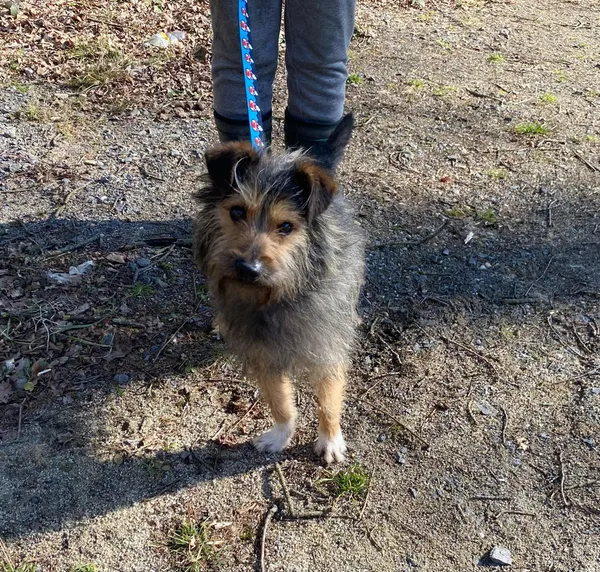 Pies do adopcji, gmina Platerówka, 5 marca 2025 (3/4)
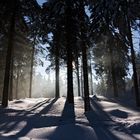 Winterwald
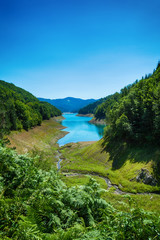 Naklejka premium Lake Zaovine in Serbia
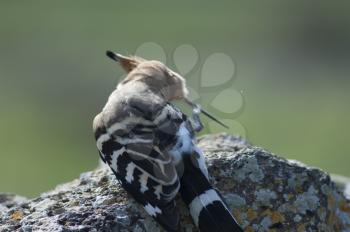 Eurasian hoopoe (Upupa epops) scratching. Uga. Yaiza. Lanzarote. Canary Islands. Spain.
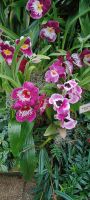 Orchid Foundation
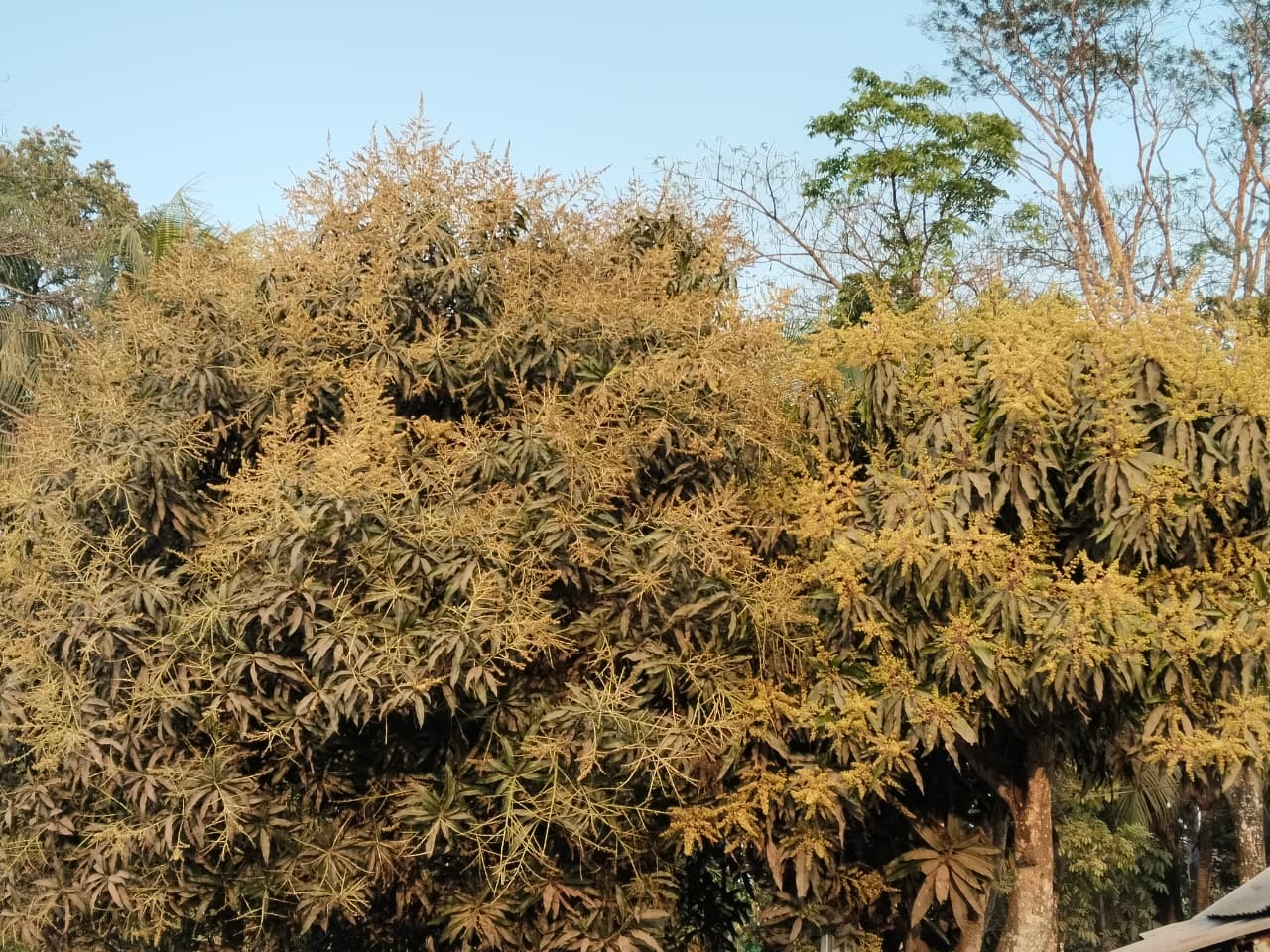 লালমোহনে আমের মুকুলের ঘ্রানে ভরে উঠেছে আমের বাগানগুলো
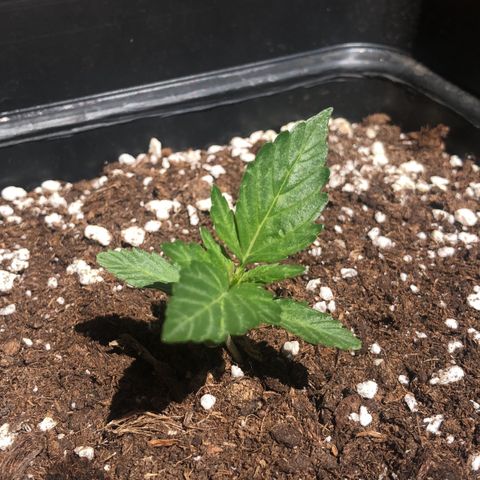 Sin Tra Bajo #1 growlog timeline photo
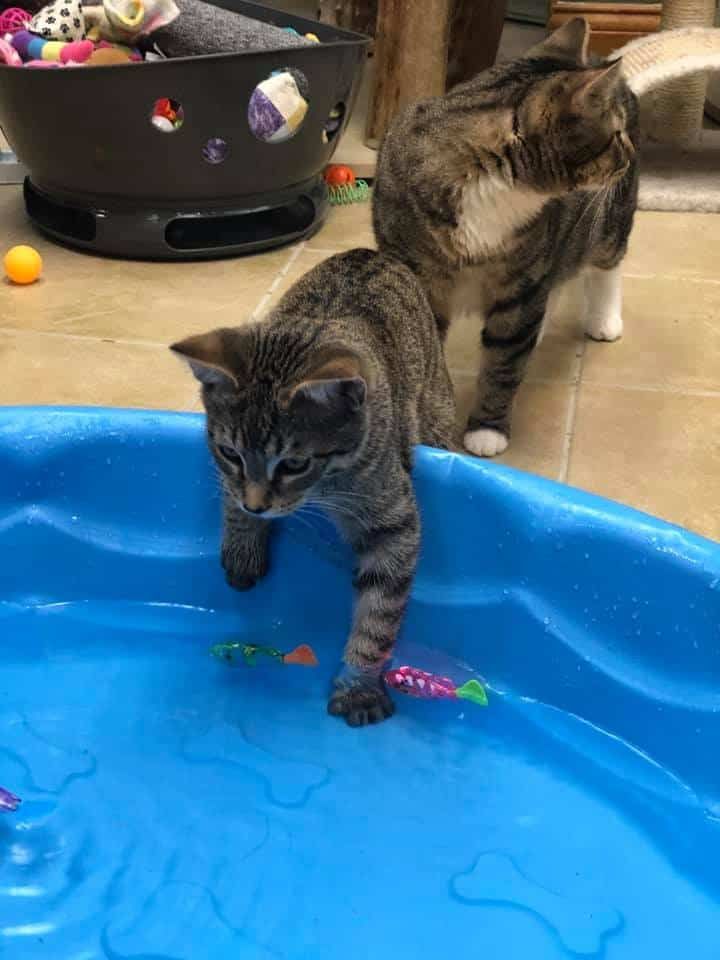 Pool party!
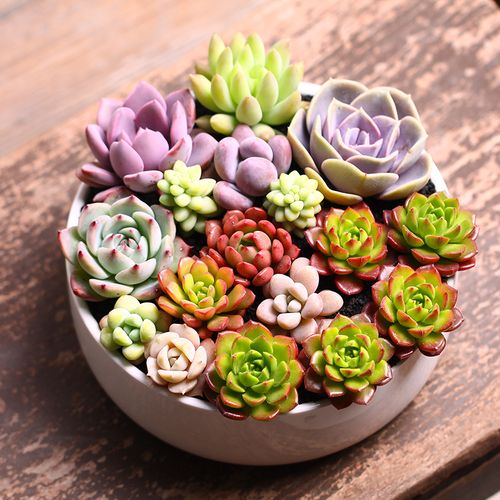 白牡丹开花时间在几月?-第3张图片-吾爱花网 白牡丹开花时间在几月?-第3张图片-吾爱花网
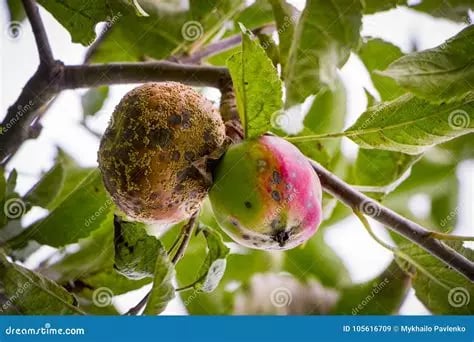Deux pommes sur 1 branche dont une pourrie symbolisant la maladie, les problèmes à traiter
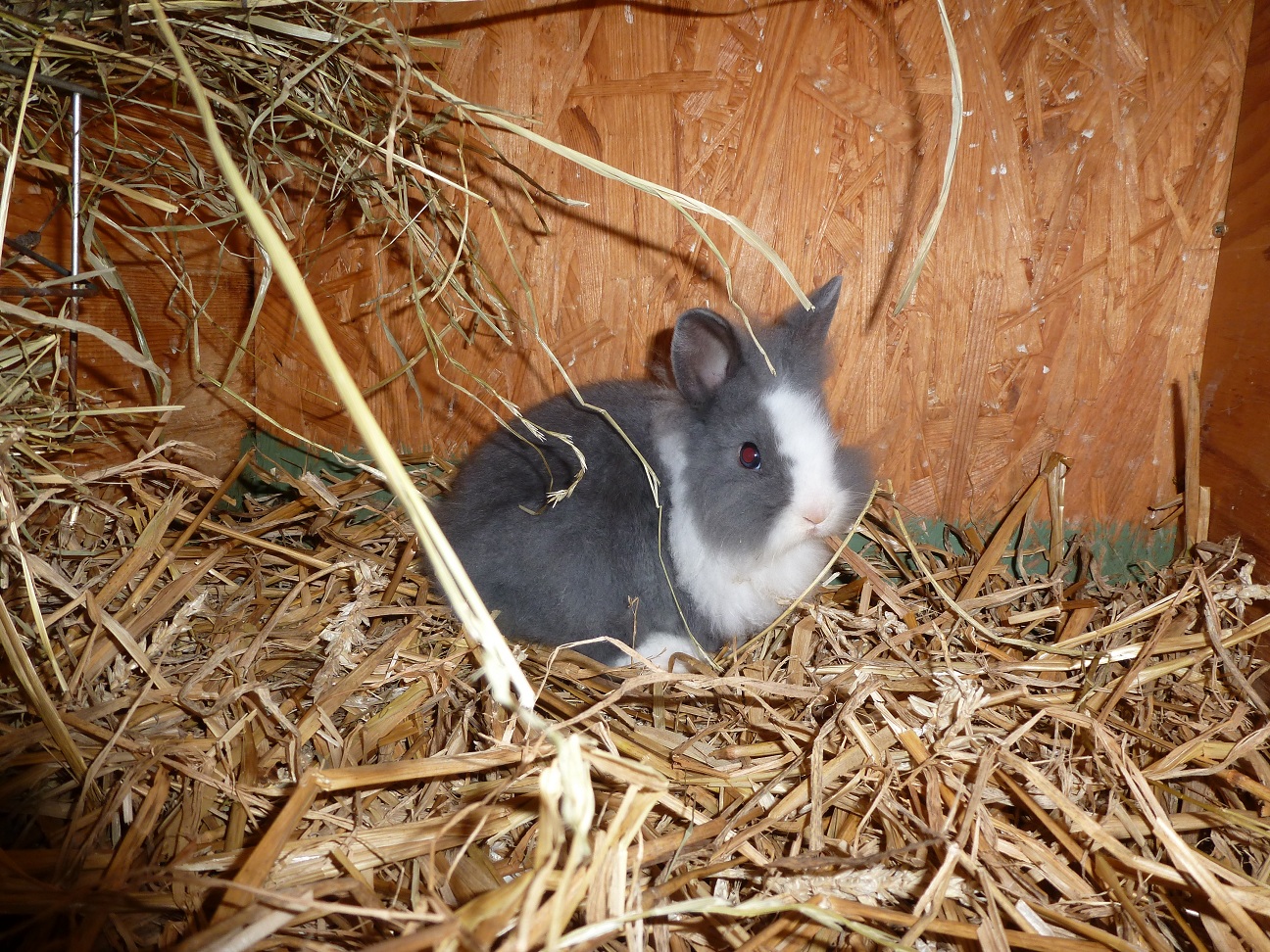 Bis Wieviel Grad Können Zwergkaninchen Draußen Bleiben Kleine Hobbyzucht von Zwergkaninchen - Farbenzwerge, Löwenköpfchen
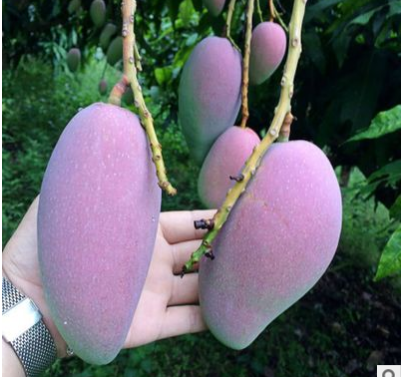 海南贵妃芒新鲜水果红金龙芒果非凯特芒果青芒玉芒5斤装一件代发图3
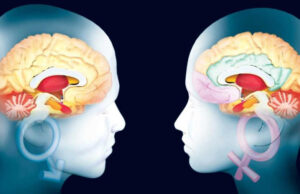 Detectan diferencias entre hombre y mujer en las proteínas en sangre en la enfermedad de Alzheimer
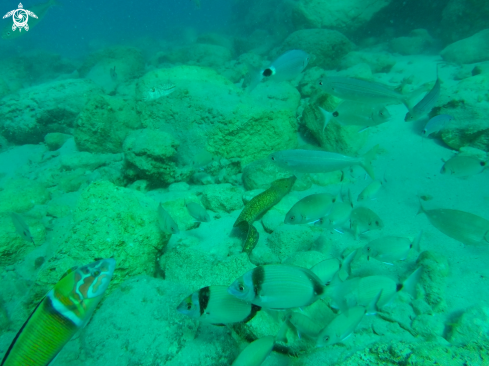 A Eel Moray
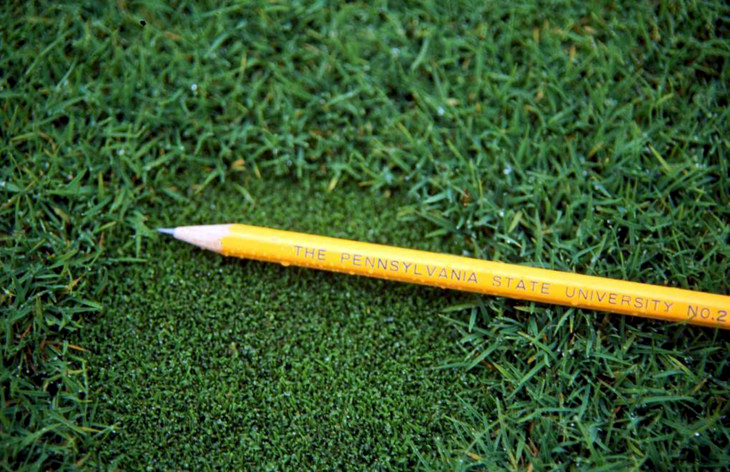 Greens-type Poa annua surrounded by creeping bentgrass. Image courtesy of Penn State’s Dave Huff.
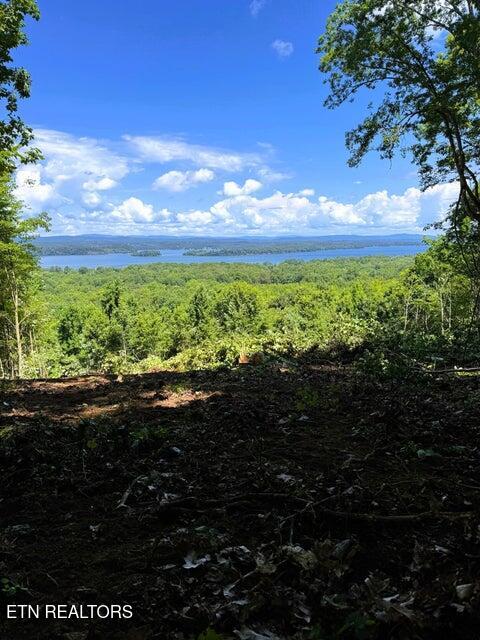 Tract 7 Pleasant Hill Road Ten Mile TN 37880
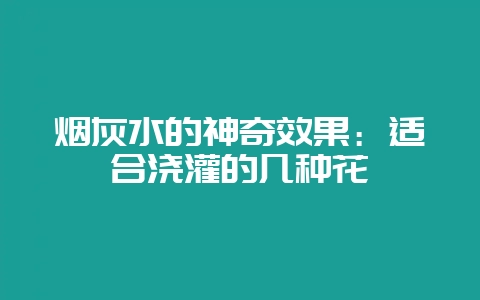 烟灰水的神奇效果：适合浇灌的几种花卉-会东网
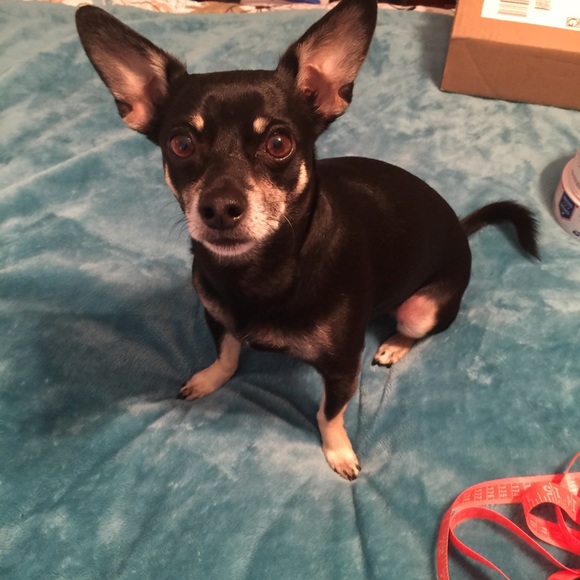 This is mine and Rachelโs fur babies. So much love - Picture 5 of 6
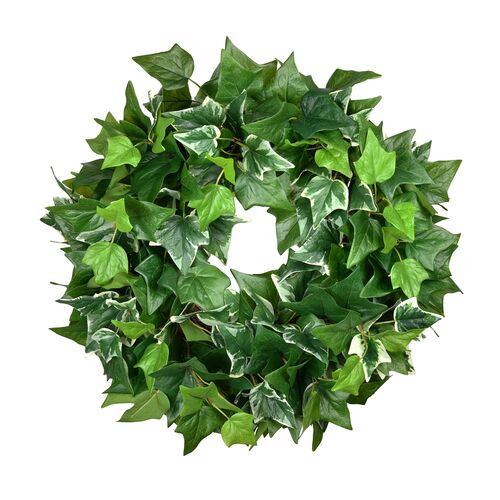 24" Ivy Wreath, Green 1 24" Ivy Wreath, Green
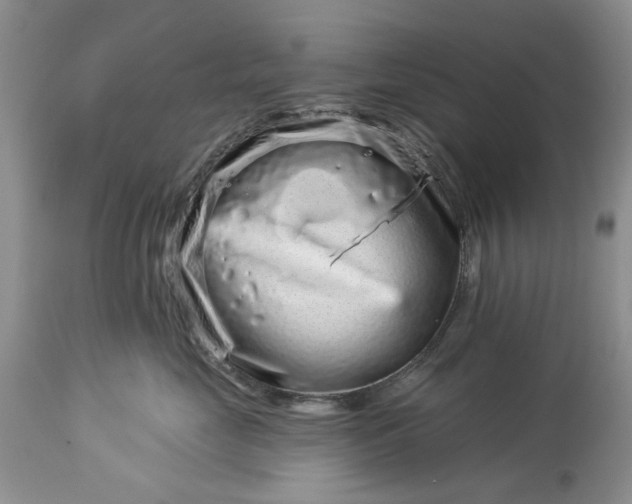 X0000114210669200910231407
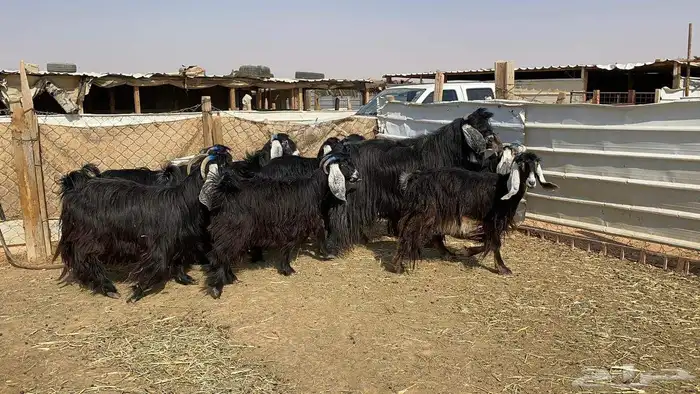 ماعز عوارض دفيع شرط 6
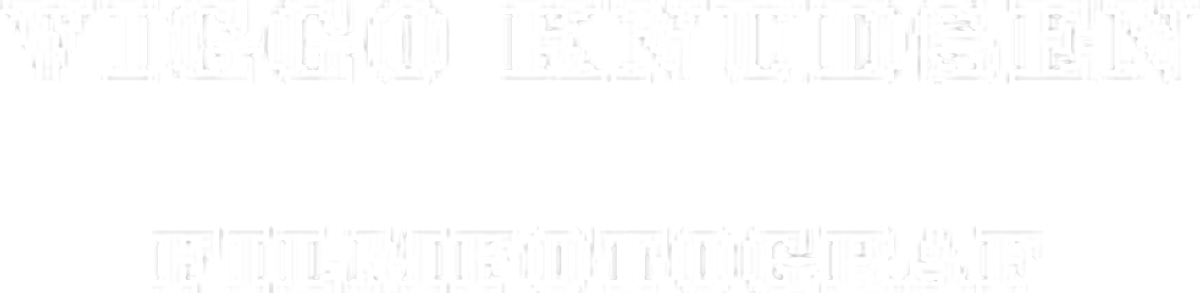 Logo, Viggo Knudsen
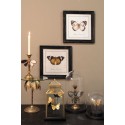 Clayre & Eef Stolp  Ø 23x22 cm Bruin Glas Rond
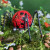 Spider Garden Holder Spider Garden Holder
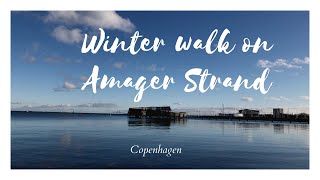 Lockdown in Copenhagen Winter walk on Amager Strand [upl. by Airel]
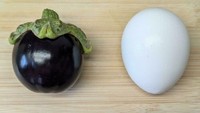 Terong milik pengguna Reddit gagal bertumbuh besar. Saat dibandingkan dengan telur ayam sekalipun, ukurannya hampir kalah besar. Foto: Bored Panda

====================

- Work instructions -
Only the lines from the first line of the listing above through the line with "Deux pommes sur" should be set down, exactly and without pictures.

- Answer to this exercise -
 Pies do adopcji, gmina Platerówka, 5 marca 2025 (3/4)
 Winterwald
 Naklejka premium Lake Zaovine in Serbia
 Eurasian hoopoe (Upupa epops) scratching. Uga. Yaiza. Lanzarote. Canary Islands. Spain.
 Orchid Foundation
 লালমোহনে আমের মুকুলের ঘ্রানে ভরে উঠেছে আমের বাগানগুলো
 Sin Tra Bajo #1 growlog timeline photo
 Pool party!
 白牡丹开花时间在几月?-第3张图片-吾爱花网 白牡丹开花时间在几月?-第3张图片-吾爱花网
Deux pommes sur 1 branche dont une pourrie symbolisant la maladie, les problèmes à traiter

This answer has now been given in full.